Later, Clark repeats the point:
Myth: The Amish think they are the only ones who are going to heaven.
Fact: Despite their strong faith and regulated lifestyle, most Amish do not claim an assurance of heaven even for themselves, much less for anyone else. Instead, they live in the Christian hope that they will go to heaven but believe it would be prideful or presumptuous to know for sure.
How can someone believe in salvation by grace apart from works and yet deny assurance?
Notice that Clark distinguishes between having assurance and having hope. That is exactly right. Being merely hopeful about your salvation is not the same as being assured of your salvation.
Isn’t it sad that the Amish are actively taught not to have assurance and to be merely hopeful about going to heaven when they die?
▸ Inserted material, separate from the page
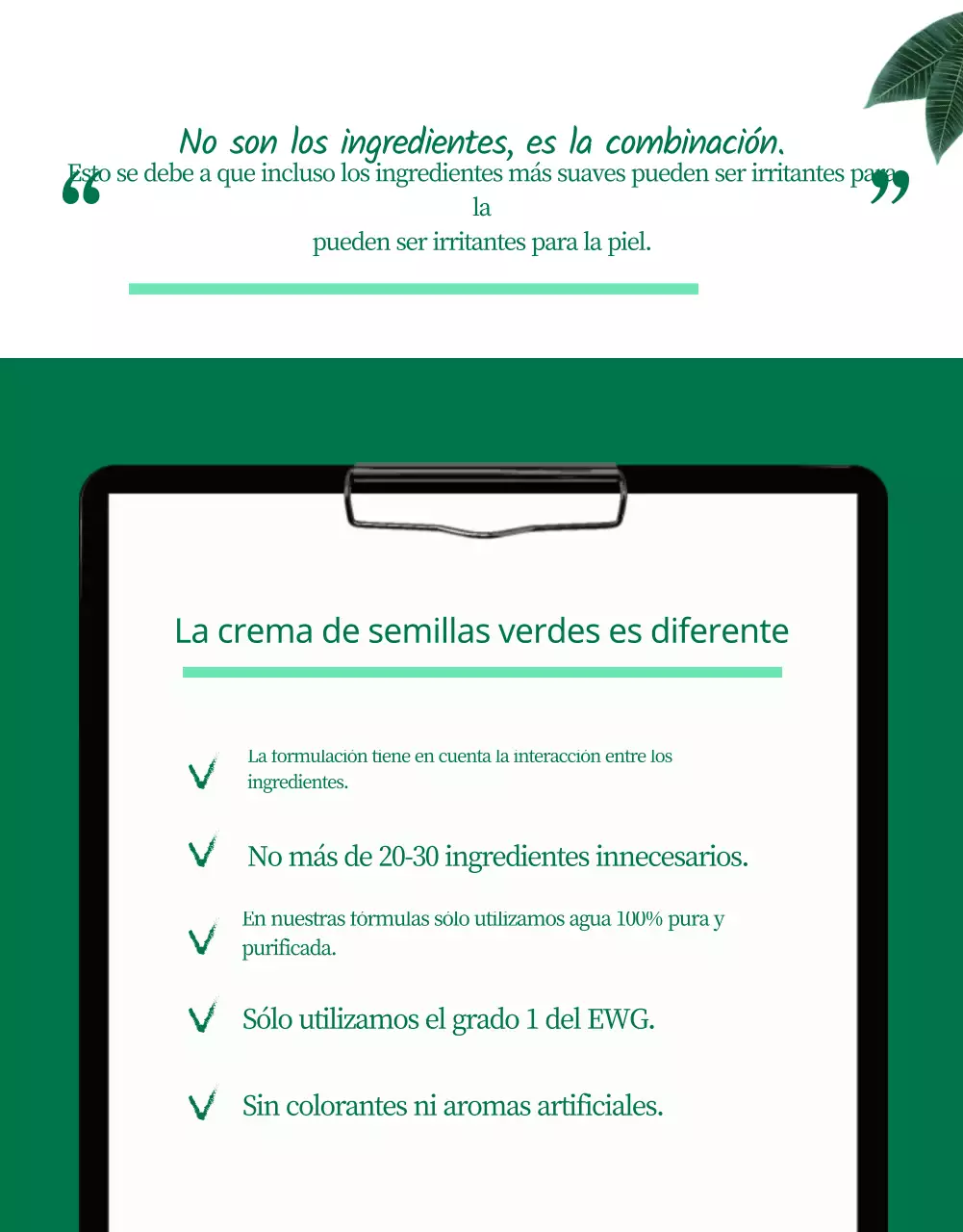 Wadiz Página detallada_Belleza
The Free Grace position holds that assurance is of the essence of saving faith. In other words, believing Jesus’ promise of everlasting life—as opposed to disbelieving or doubting it—logically entails being assured of your salvation. How?
Think of assurance in terms of a simple syllogism:
P1: Everyone who believes in Him will not perish but has eternal life.
P2: I believe in Jesus.
C: Therefore, I have everlasting life.
Jesus’ promise is conditional. If a person believes in Him, then something becomes true of the believer, i.e., he “has” everlasting life. So if you believe, what do you get? Everlasting life. You cannot believe that the promise is true without also believing that Jesus gives you everlasting life, because that is what the promise is about. Hence, assurance is of the essence of saving faith.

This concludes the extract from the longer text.